[[ Exercise inputs, beginning ]]

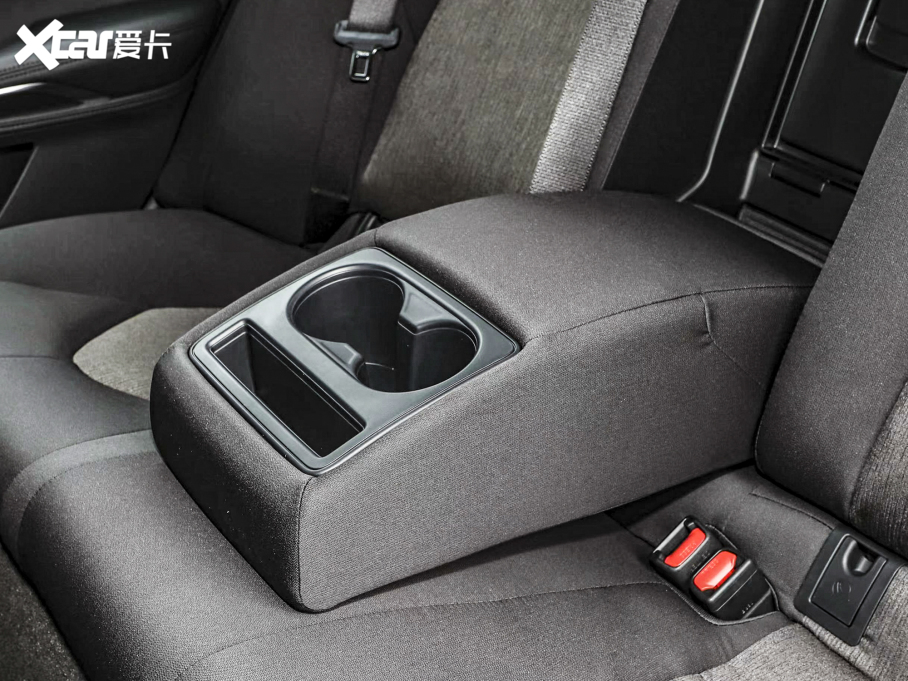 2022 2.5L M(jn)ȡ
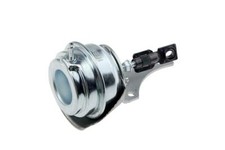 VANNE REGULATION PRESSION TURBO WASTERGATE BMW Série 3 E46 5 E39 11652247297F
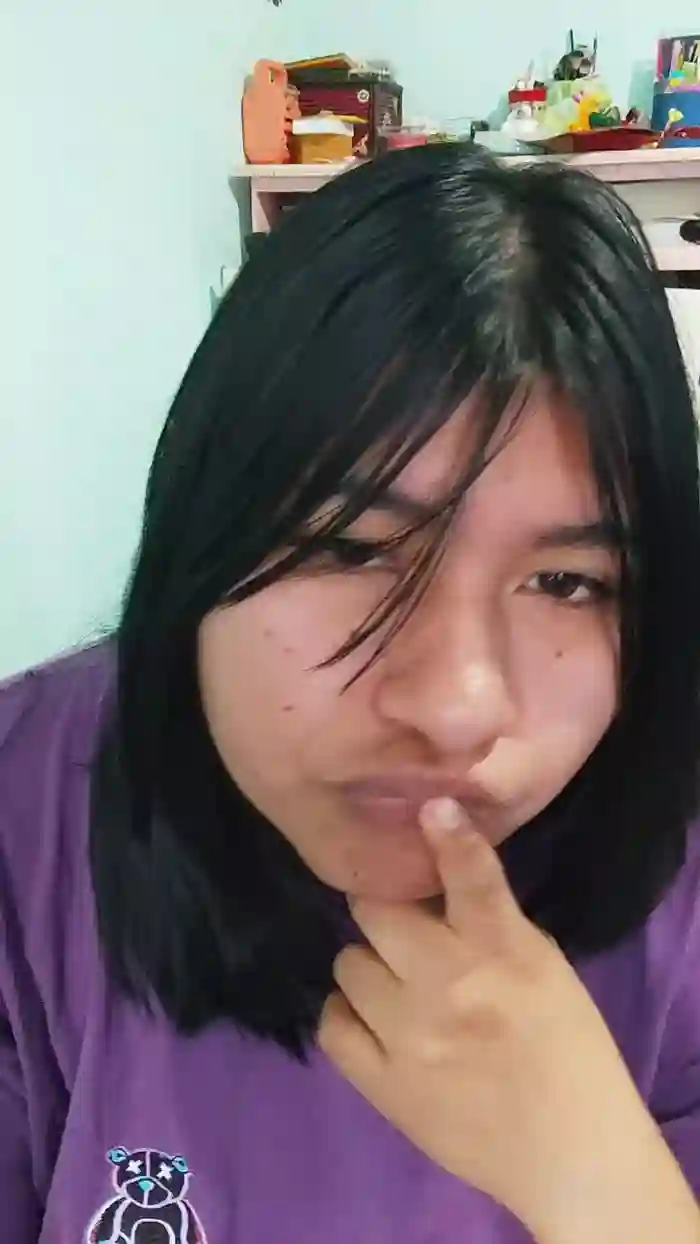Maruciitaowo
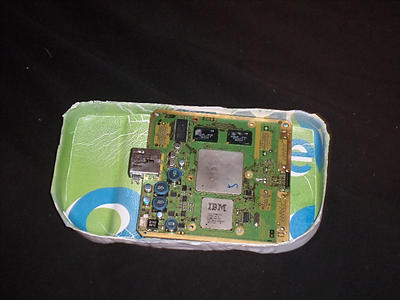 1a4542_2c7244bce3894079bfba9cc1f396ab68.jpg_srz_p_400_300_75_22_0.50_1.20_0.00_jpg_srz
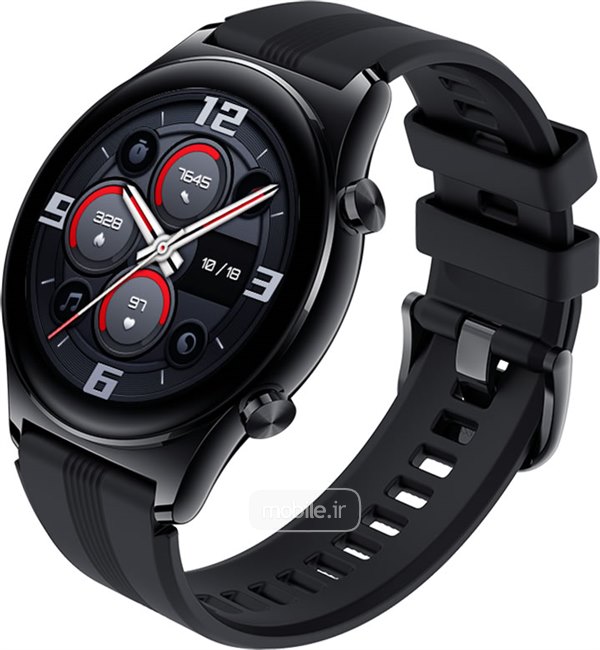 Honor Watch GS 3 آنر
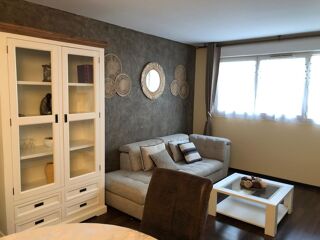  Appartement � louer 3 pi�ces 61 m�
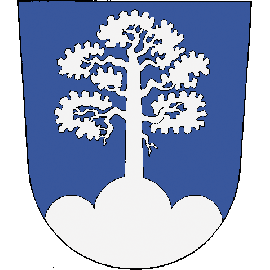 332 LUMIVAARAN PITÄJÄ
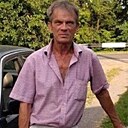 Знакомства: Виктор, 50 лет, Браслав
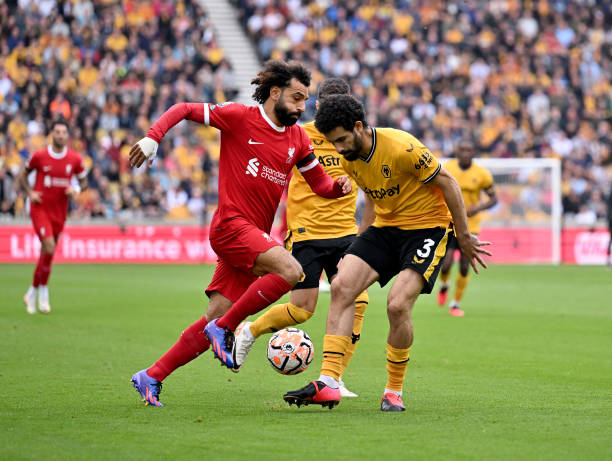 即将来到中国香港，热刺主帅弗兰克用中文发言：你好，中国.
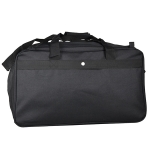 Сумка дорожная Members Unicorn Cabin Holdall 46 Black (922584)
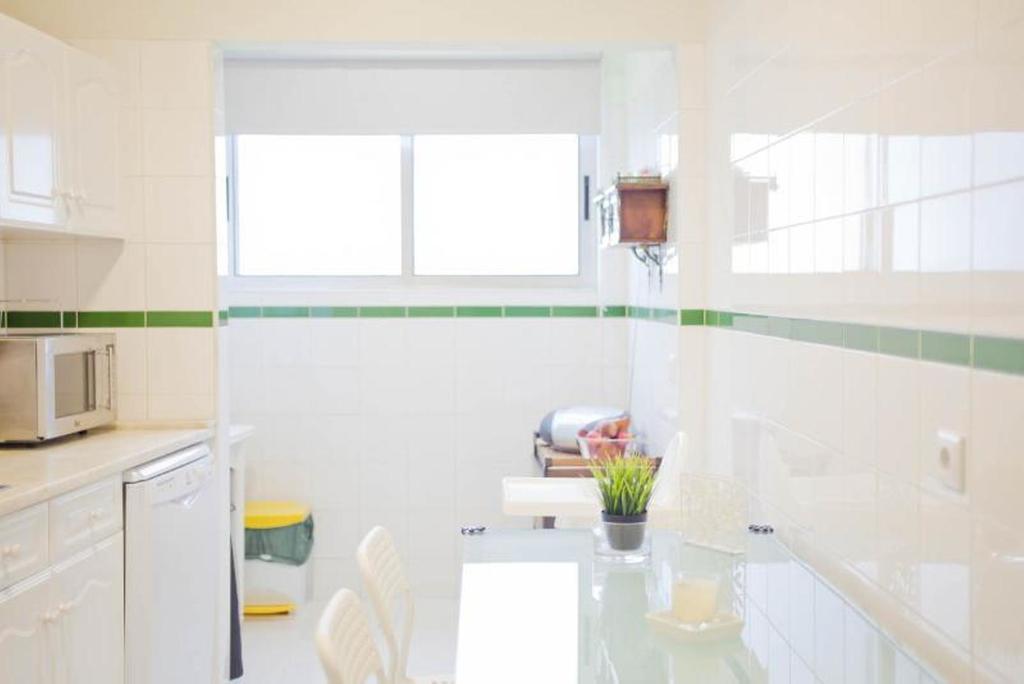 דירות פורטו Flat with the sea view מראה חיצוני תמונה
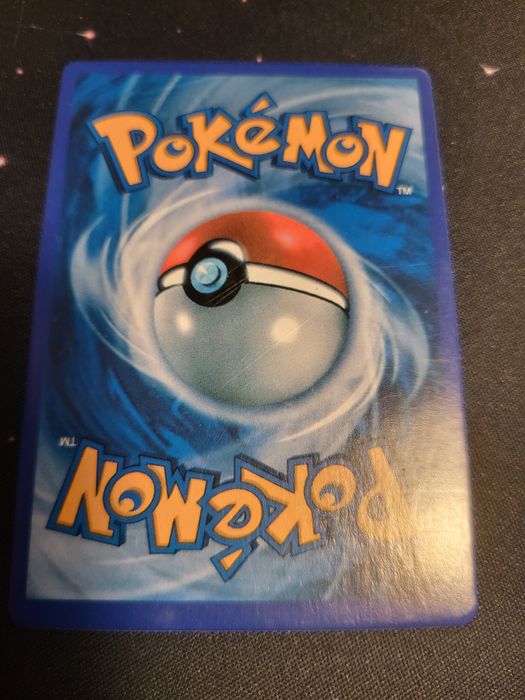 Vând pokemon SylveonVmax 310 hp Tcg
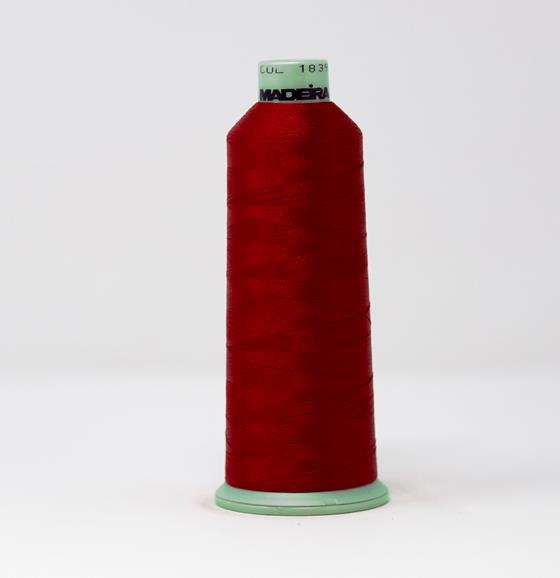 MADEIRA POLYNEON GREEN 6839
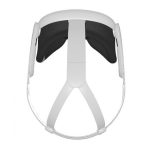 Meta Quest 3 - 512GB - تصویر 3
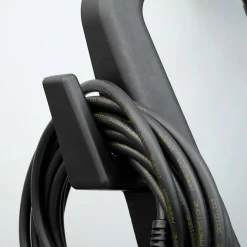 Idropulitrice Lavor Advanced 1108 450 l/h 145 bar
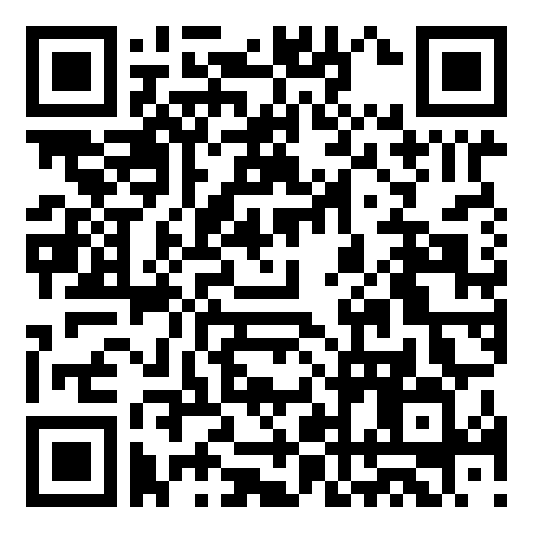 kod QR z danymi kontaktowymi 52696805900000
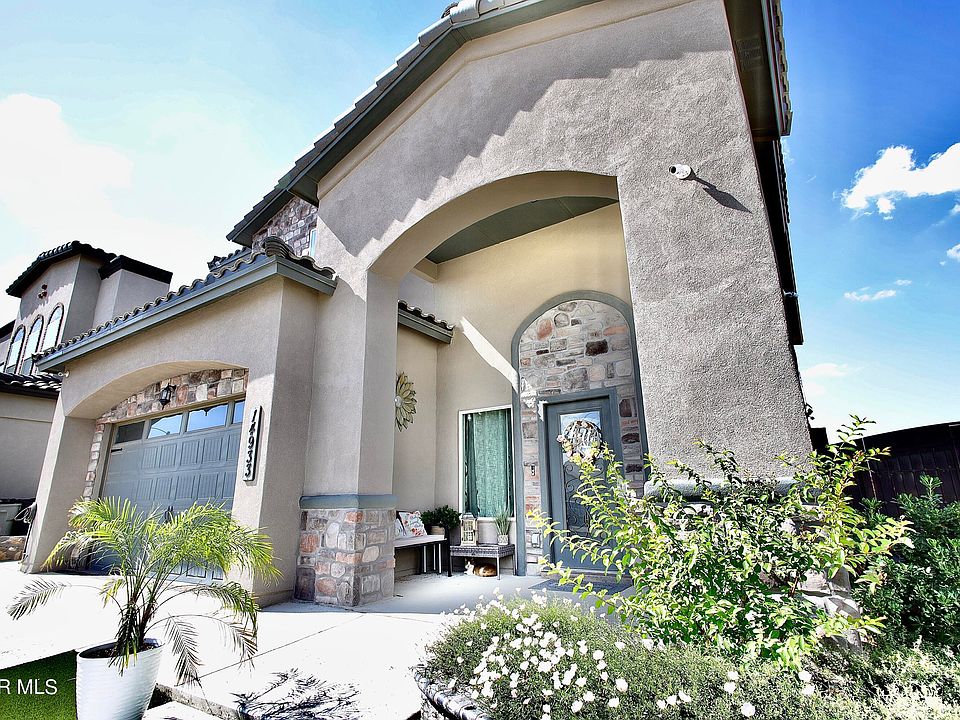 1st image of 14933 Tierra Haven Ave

[[ Exercise inputs, end ]]

About this exercise:
Exactly the lines from the one with "דירות פורטו Flat" through the end of the records should be written out, and only those. Pictures do not belong in the copy.

Solution for this exercise:
 דירות פורטו Flat with the sea view מראה חיצוני תמונה
 Vând pokemon SylveonVmax 310 hp Tcg
 MADEIRA POLYNEON GREEN 6839
 Meta Quest 3 - 512GB - تصویر 3
 Idropulitrice Lavor Advanced 1108 450 l/h 145 bar
 kod QR z danymi kontaktowymi 52696805900000
 1st image of 14933 Tierra Haven Ave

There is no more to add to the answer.